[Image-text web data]
────────────────────

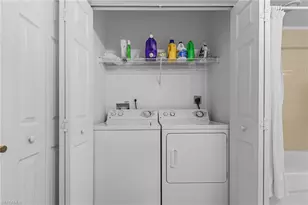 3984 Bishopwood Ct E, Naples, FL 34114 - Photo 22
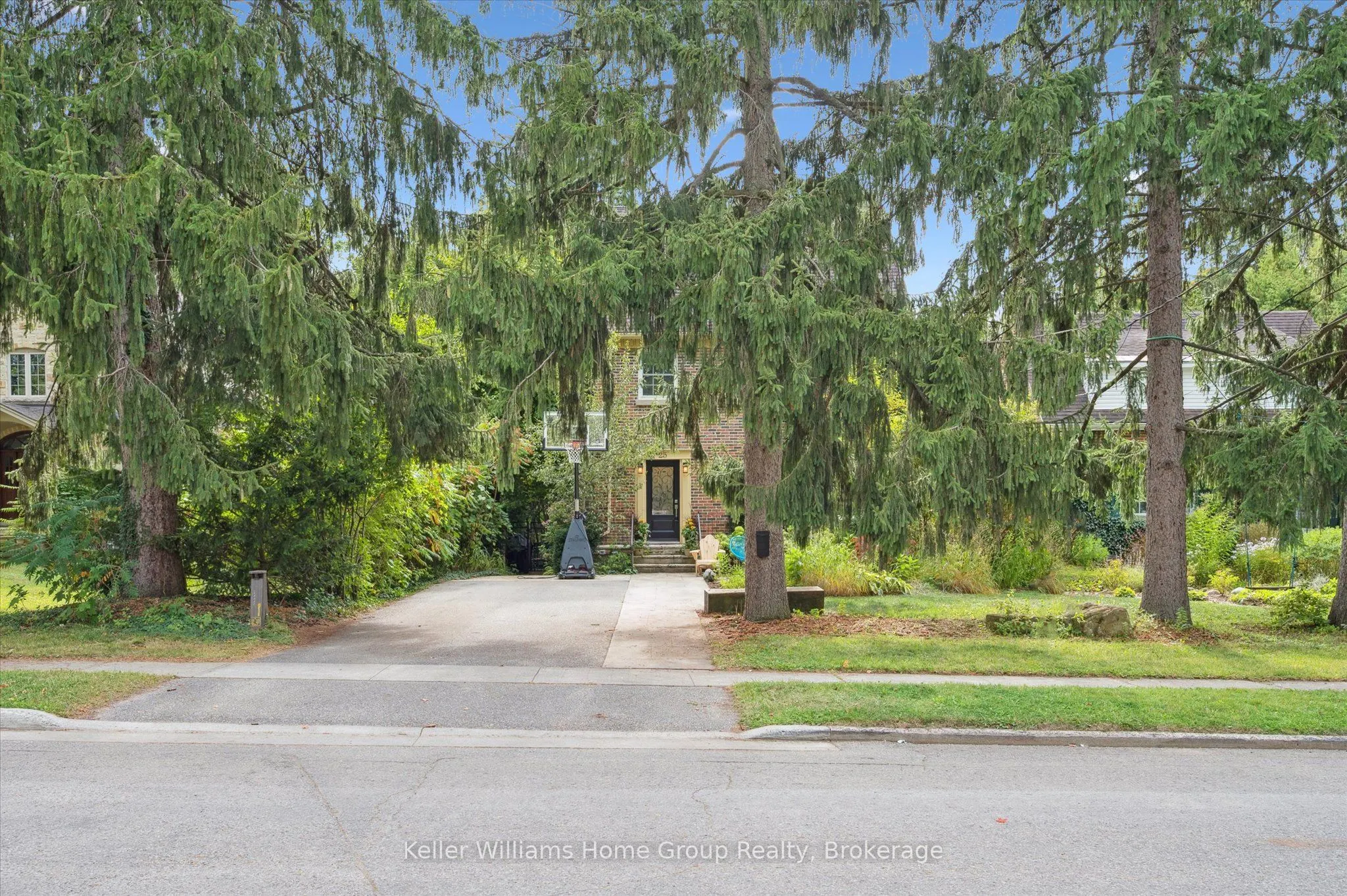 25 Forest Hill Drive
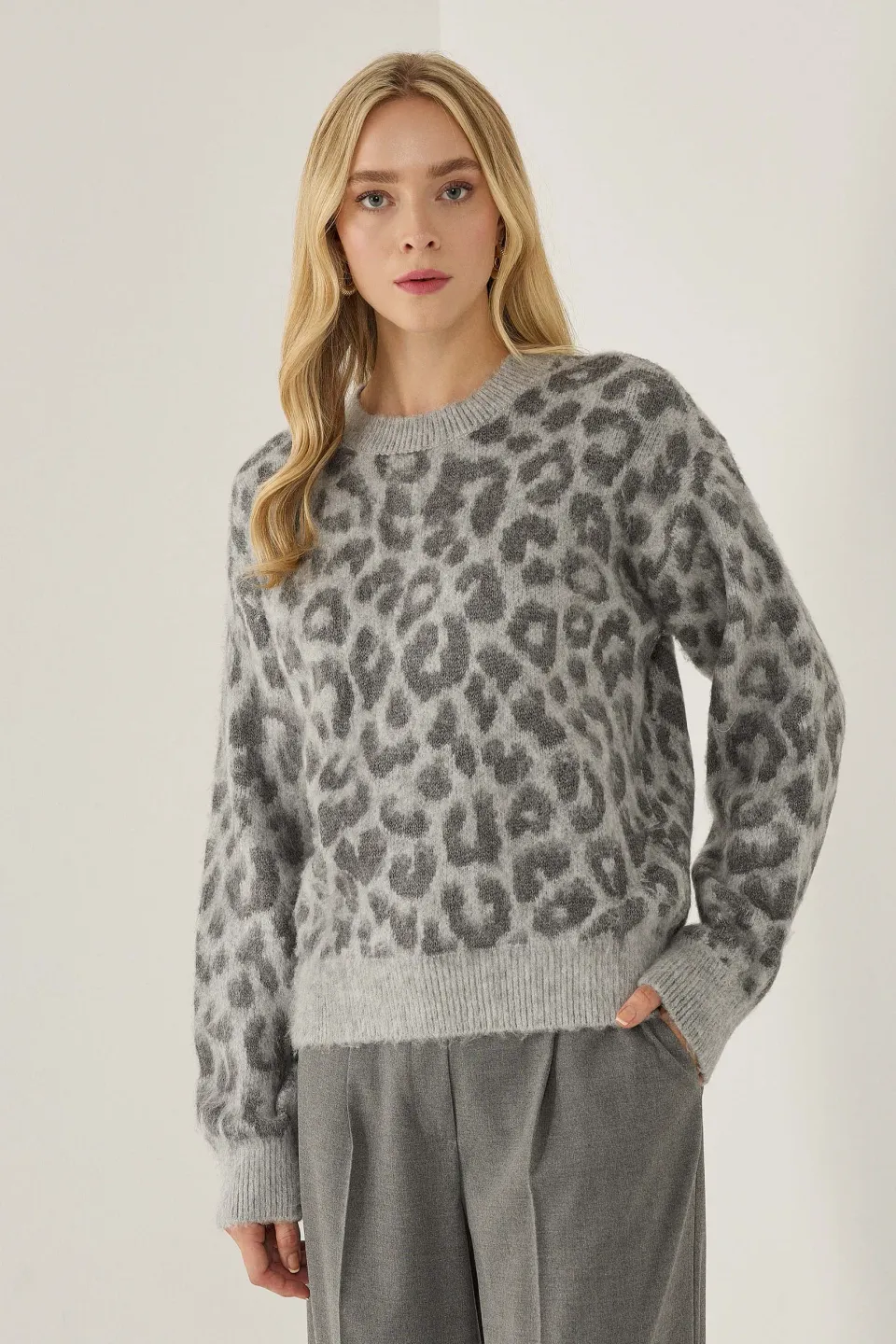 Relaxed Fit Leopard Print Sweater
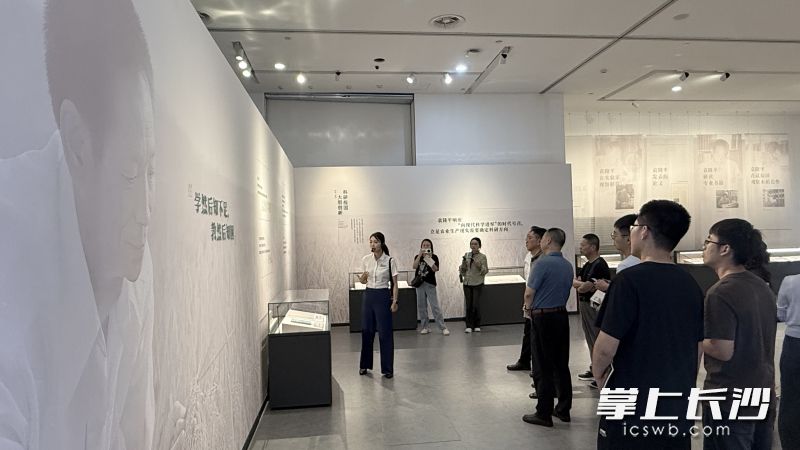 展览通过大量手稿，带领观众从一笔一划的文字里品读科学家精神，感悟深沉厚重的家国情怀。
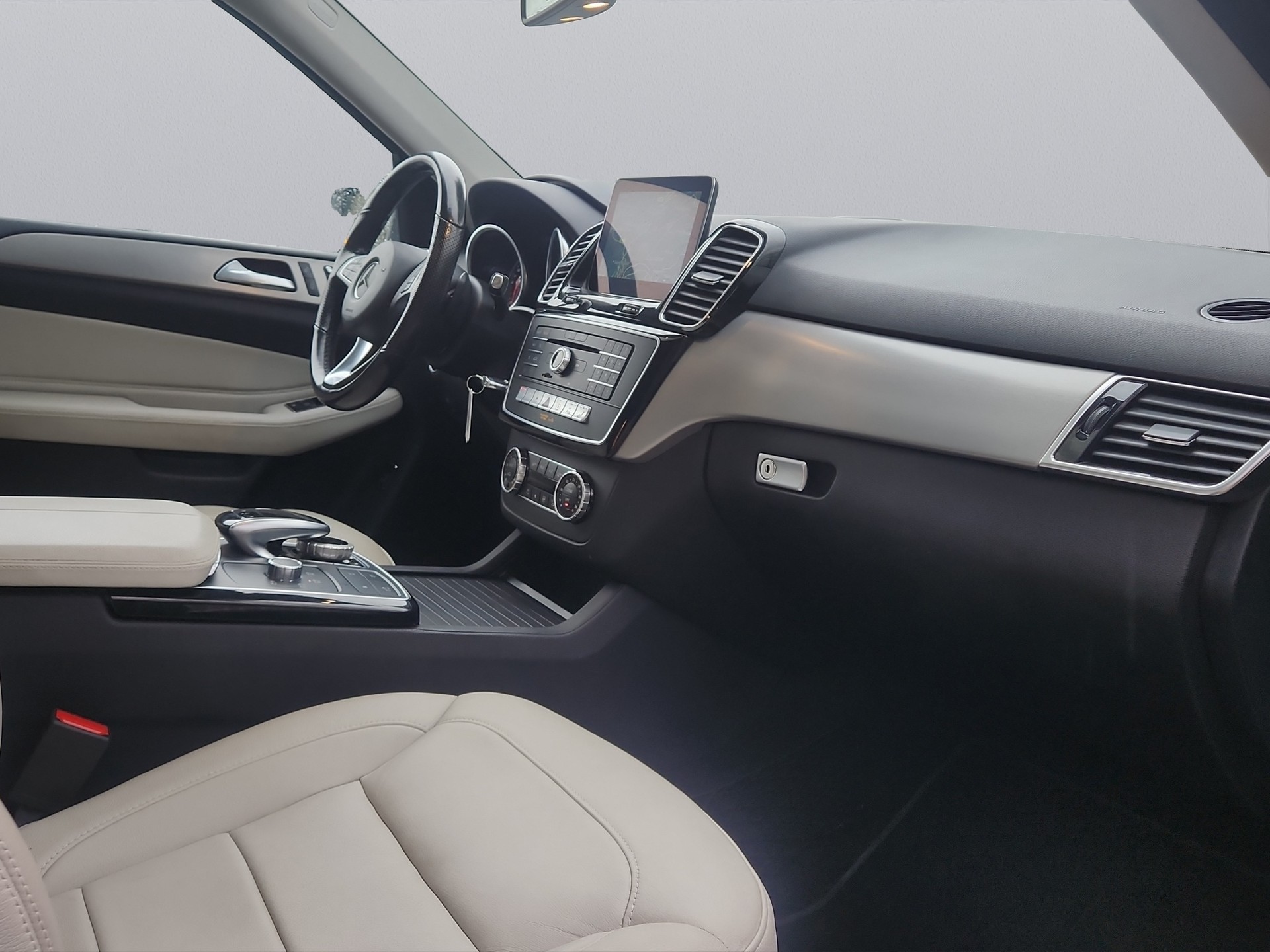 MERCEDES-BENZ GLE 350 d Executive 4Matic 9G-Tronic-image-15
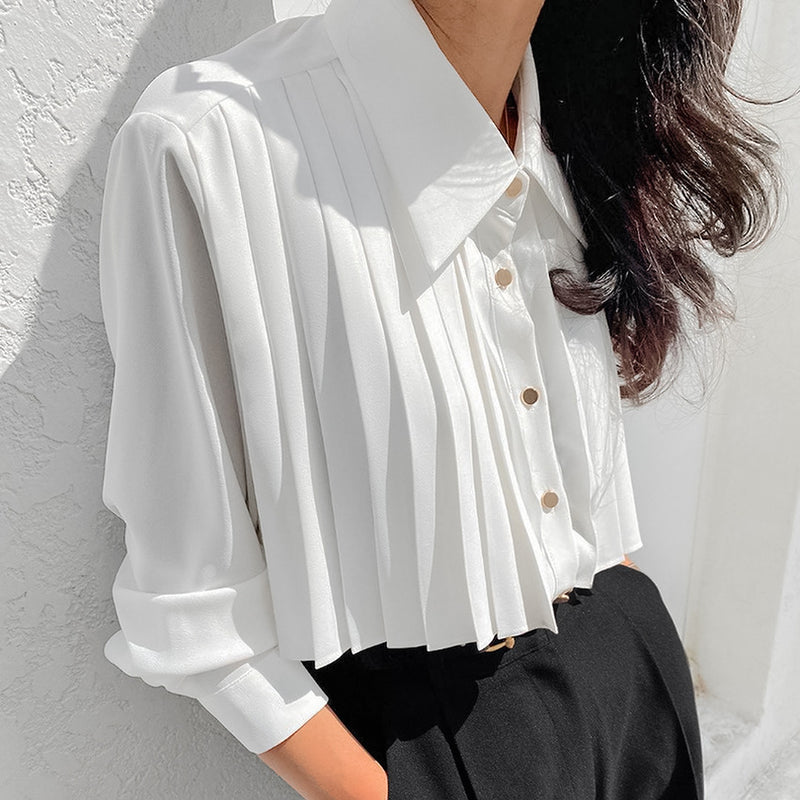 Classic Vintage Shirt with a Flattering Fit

────────────────────

▶ **AIM OF THE EXERCISE**: Leaving the pictures aside, transcribe exactly the lines from the one containing "MERCEDES-BENZ GLE 350" to the final line of the entries above, both ends included.

▶ **TASK OUTPUT**:
 MERCEDES-BENZ GLE 350 d Executive 4Matic 9G-Tronic-image-15
 Classic Vintage Shirt with a Flattering Fit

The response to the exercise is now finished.